P732 Impact of different types of physical activity in inflammatory bowel disease

Gofflot, A.(1)*;Monin, L.(2);Seidel, L.(3);Reenaers, C.(2);Kropp, S.(2);Van Kemseke, C.(2);Latour, P.(2);Forthomme, B.(1);Croisier, J.L.(1);Louis, E.(2);Vieujean, S.(2);

(1)University Hospital of Liege, Department of Physical Medicine and Rehabilitation, Liège, Belgium;(2)University Hospital of Liege, Hepato-Gastroenterology and Digestive Oncology, Liège, Belgium;(3)University Hospital of Liege, Department of Biostatistics and Medico-economic Information, Liège, Belgium;


Moderate physical activity (PA) appears to be beneficial for inflammatory bowel disease (IBD), improving the symptoms of the disease and promoting the maintenance of remission. However, little is known about the impact of different types of PA on IBD activity.
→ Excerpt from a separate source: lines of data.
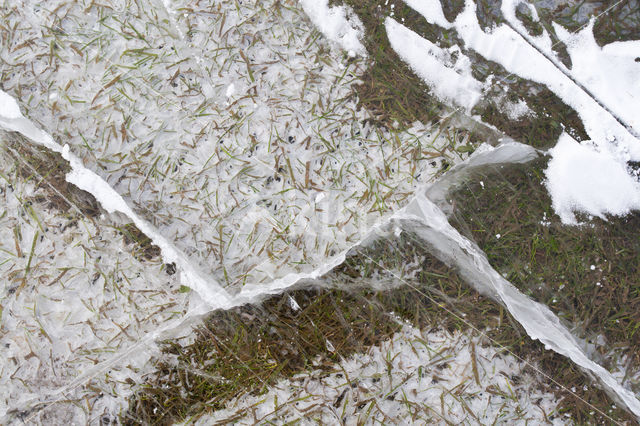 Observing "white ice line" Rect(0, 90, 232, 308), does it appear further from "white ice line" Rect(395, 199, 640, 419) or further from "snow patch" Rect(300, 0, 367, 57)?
"snow patch" Rect(300, 0, 367, 57)

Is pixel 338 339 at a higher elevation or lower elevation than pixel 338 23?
lower

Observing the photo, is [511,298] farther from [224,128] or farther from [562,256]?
[224,128]

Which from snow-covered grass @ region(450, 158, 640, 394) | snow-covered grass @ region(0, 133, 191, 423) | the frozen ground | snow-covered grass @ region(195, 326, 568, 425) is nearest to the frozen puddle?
the frozen ground

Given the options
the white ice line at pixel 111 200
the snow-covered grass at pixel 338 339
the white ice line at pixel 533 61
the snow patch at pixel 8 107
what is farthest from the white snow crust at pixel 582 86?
the snow patch at pixel 8 107

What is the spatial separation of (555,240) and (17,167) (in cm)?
328

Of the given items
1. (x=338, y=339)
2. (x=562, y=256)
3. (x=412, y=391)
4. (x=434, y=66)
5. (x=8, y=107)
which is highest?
(x=8, y=107)

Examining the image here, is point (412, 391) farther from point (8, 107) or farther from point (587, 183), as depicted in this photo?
point (8, 107)

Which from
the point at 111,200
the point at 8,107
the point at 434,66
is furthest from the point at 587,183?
the point at 8,107

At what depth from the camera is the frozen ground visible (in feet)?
7.24

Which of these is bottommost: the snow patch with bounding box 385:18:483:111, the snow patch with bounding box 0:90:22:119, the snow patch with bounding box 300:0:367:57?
the snow patch with bounding box 385:18:483:111

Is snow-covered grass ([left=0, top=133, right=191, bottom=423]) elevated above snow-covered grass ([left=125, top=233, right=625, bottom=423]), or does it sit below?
above

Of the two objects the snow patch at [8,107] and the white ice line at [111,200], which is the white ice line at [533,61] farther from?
the snow patch at [8,107]

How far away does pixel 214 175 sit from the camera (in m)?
2.26

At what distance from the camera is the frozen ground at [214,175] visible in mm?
2207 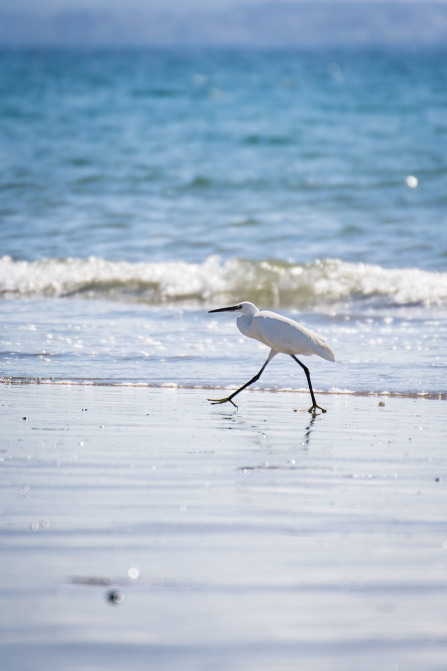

IBD patients with stable treatment without steroids for 4 months were prospectively included and randomized into 3 groups: muscle strengthening exercises, aerobic exercises, and a control group. The impact of a 10-week training period with 2 sessions per week was evaluated. Following parameters were collected: clinical activity of the disease (Mayo score for ulcerative colitis or UC, Harvey-Bradshaw index or HBI for Crohn’s disease or CD, patient reported outcome or PRO for both), Godin Leisure Time Exercise Questionnaire or GLTEQ (assessing PA level), Metabolic Equivalent Task or MET (assessing sedentarity level), barriers to PA, quality of life assessment (by EuroQol 5 dimensions or EQ5D and Short health scale or SHS), Inflammatory Bowel Disease Fatigue (IBD-F), physical abilities according to exercise stress test and maximum strength test.


Between January 2021 and September 2022, a total 33 patients were enrolled in the program. Of these, 24 patients (13 women, 17 CD, median age of 31.6 [IQR, 29.4- 46.4]) completed the program and were included in the analysis (dropout rate of 18.2%). Table 1 shows the characteristics of these patients at inclusion. Eight, six and ten patients were respectively randomized in the muscle strengthening, aerobic exercise and control groups. After the training period, 50% of patients in the muscle strengthening group and 66.7% of patients in the aerobic exercise group showed a clinical improvement (according Mayo score and HBI).  Strengthening was associated with significant reduction in PRO rectal bleeding in UC patients (p<0.0001) and aerobic exercise was associated with a significant lowering of HBI (p=0.039). Among the 24 patients, 2 CD patients relapsed in the muscle strengthening group during the training period. Aerobic exercise significantly reduced the barriers to PA (p=0.037). In neither group did we find any positive or negative impact of PA on quality of life or fatigue. Strengthening exercise and aerobic exercise significantly improved VO2max (maximal oxygen consumption) and Pmax in the exercise stress test, respectively. Most of the maximum strength tests were improved in the muscle strengthening group.


PA was well tolerated and associated with an improvement of disease activity in the majority of the IBD patients. There may be a variable impact of different types of PA in CD and UC, which should be explored further in larger cohorts.